Projections show need for elementary school space

By ThisWeek Community News  • 

The Dublin City School District will face some growing pains over the next few years.

The Dublin Board of Education this week got an update about enrollment that showed seven of 12 elementary schools will be over capacity by 2016.

The district looks at enrollment for about three years into the future, said Annette Morud, district director of business affairs, because anything further would not be as accurate.

Enrollment projections for 2016 show the most growth for Dublin elementary schools in the eastern and southern areas of the district.

"The biggest concern would be Riverside (Elementary School)," said District Planner Joe Riedel, adding that the school's capacity is 400 and enrollment in December 2013 was 491. Enrollment projections for 2016 show 553 students at the school.

"These principals must work magic to make them fit," Riedel said.

Other schools experiencing growth are Chapman Elementary School where many homes have been purchased, and Olde Sawmill, Wright and Thomas elementary schools where many apartments are in the attendance area.

"We have grown five elementary schools out of apartments," Riedel said.

According to information from the district, apartments and condominiums account for 22.4 percent of district students, which is an increase of 5 percent from five years ago.

"There are more than 14,000 apartment units available in the district and many apartment complexes are at full occupancy," a news release from the district said.

The northwest area of the district is also due to see some growth.

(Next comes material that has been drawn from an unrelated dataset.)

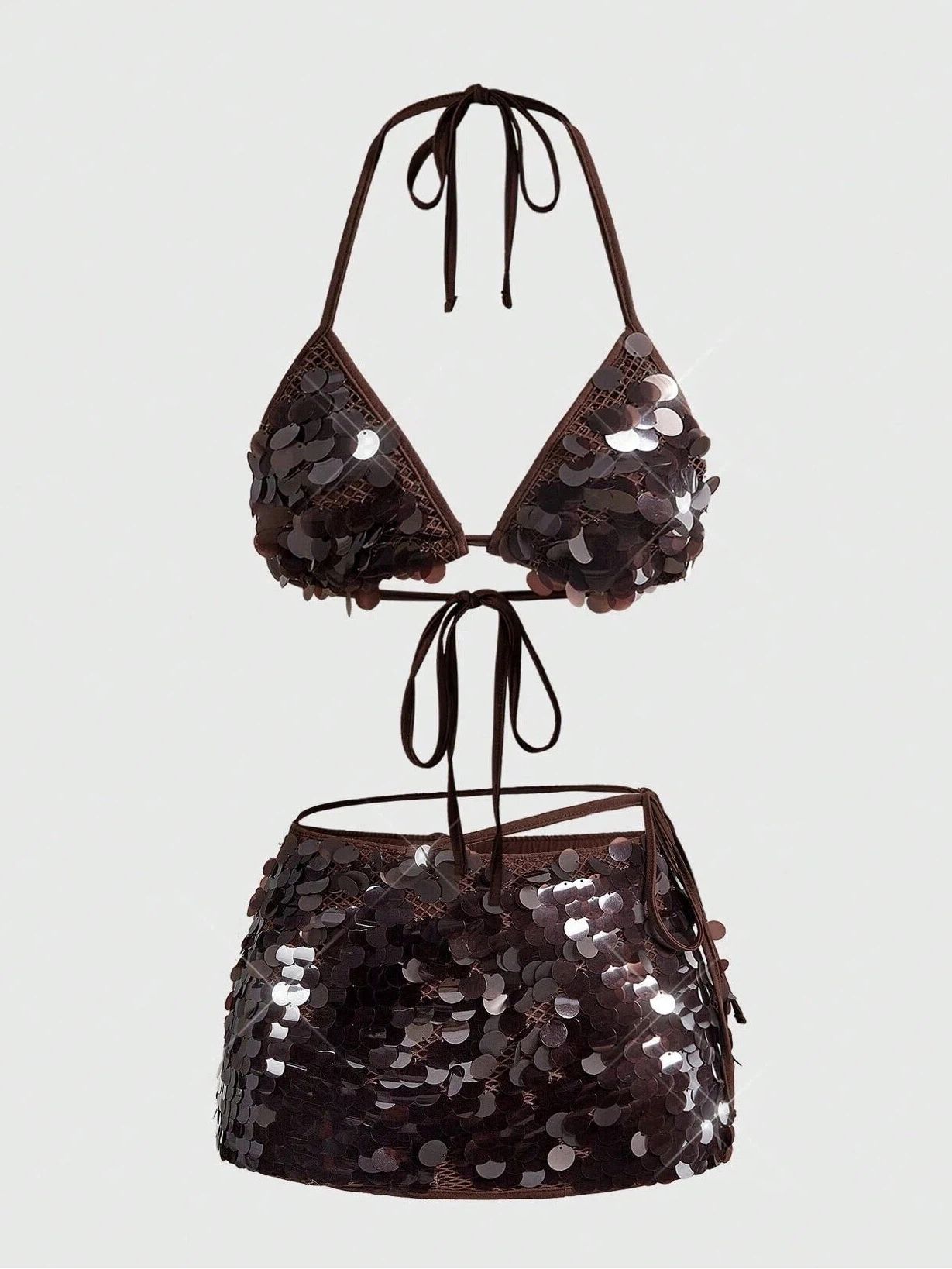 Brown sequin two-piece top and skirt before clothing color change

Glacier Ridge enrollment is projected to climb from 592 in 2013 to 642 in 2016. The school's capacity is 550 students.

Voters passed a bond issue in 2008 to build a 13th elementary school in Jerome Village in the northwest corner of the district, but the school has not yet been built because the Jerome Village development has not grown as quickly as originally anticipated.

"In the northwest we're growing by about 100 homes per year," Riedel said.

Enrollment for elementary schools in the middle of the district is stagnant or declining in some cases. Bailey Elementary School, for example, had an enrollment for 2013 of 508 that is expected to decline to 472 by 2016.

Despite slow growth or a decline at a few elementary schools, most are experiencing growth and seven are expected be over capacity by 2016.

"You're going to need some space," Riedel said.

"The question is, how are you going to do that?"

Staff is currently in discussions about how to deal with enrollment growth in the district and is expected to bring both short- and long-term solutions to the board of education in March, Morud said.